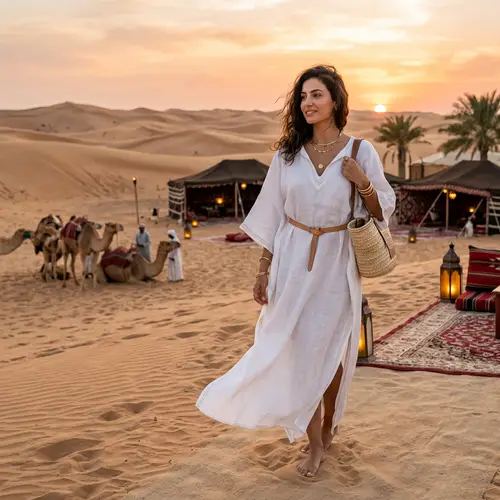 Elegant White Kaftan for Dubai Desert Safari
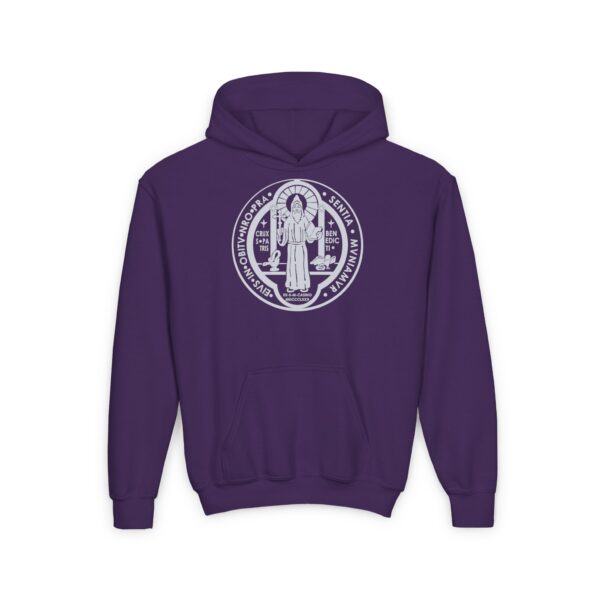 St. Benedict Medal Front/Back Print Youth Heavy Blend Hooded Sweatshirt - Image 12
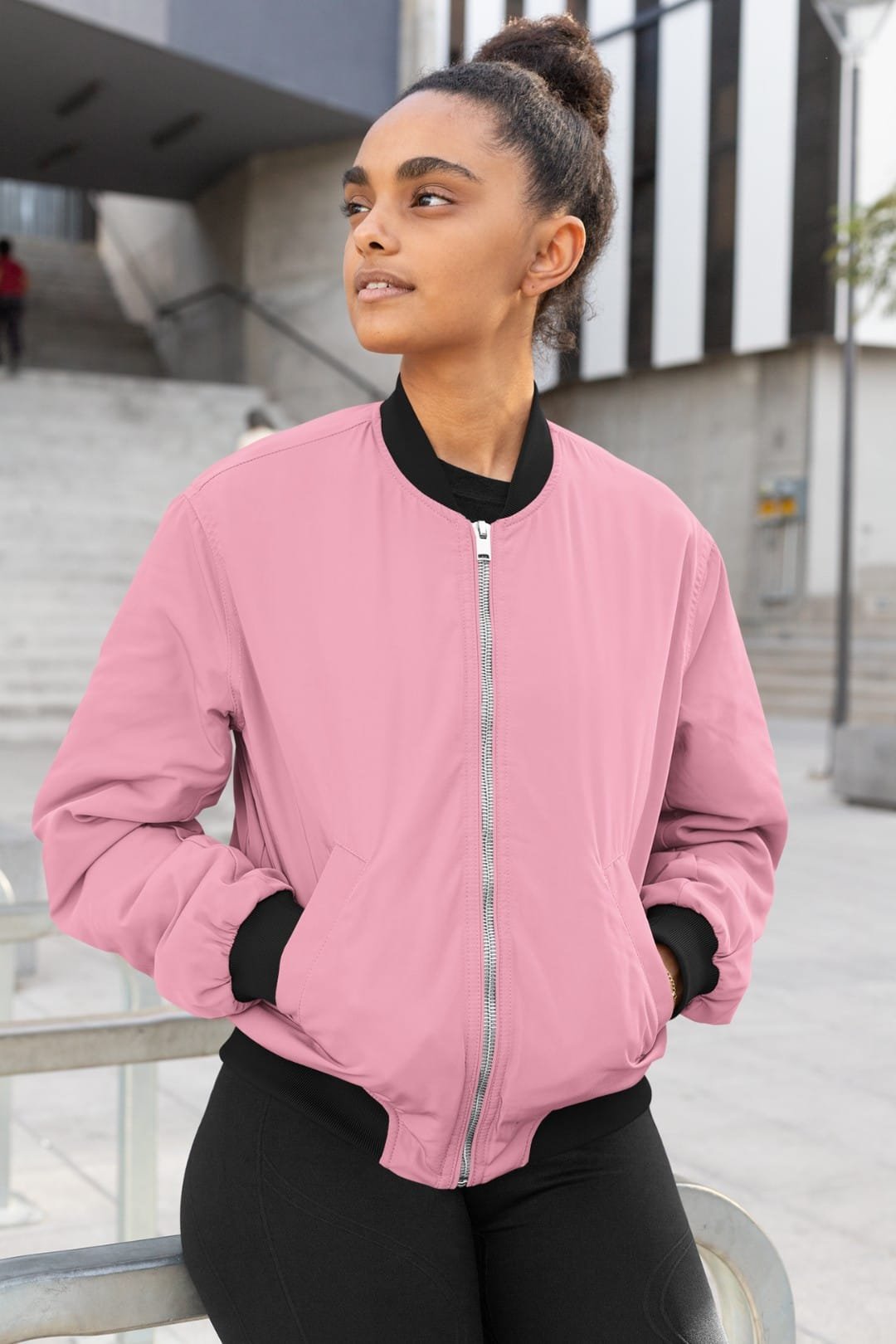 Unisex Pink Color Bomber Jacket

::::

§ **What you have to do**: Apart from the pictures, every line of the material above is to be returned word for word.

§ **Solution to this problem**:
 Elegant White Kaftan for Dubai Desert Safari
 St. Benedict Medal Front/Back Print Youth Heavy Blend Hooded Sweatshirt - Image 12
 Unisex Pink Color Bomber Jacket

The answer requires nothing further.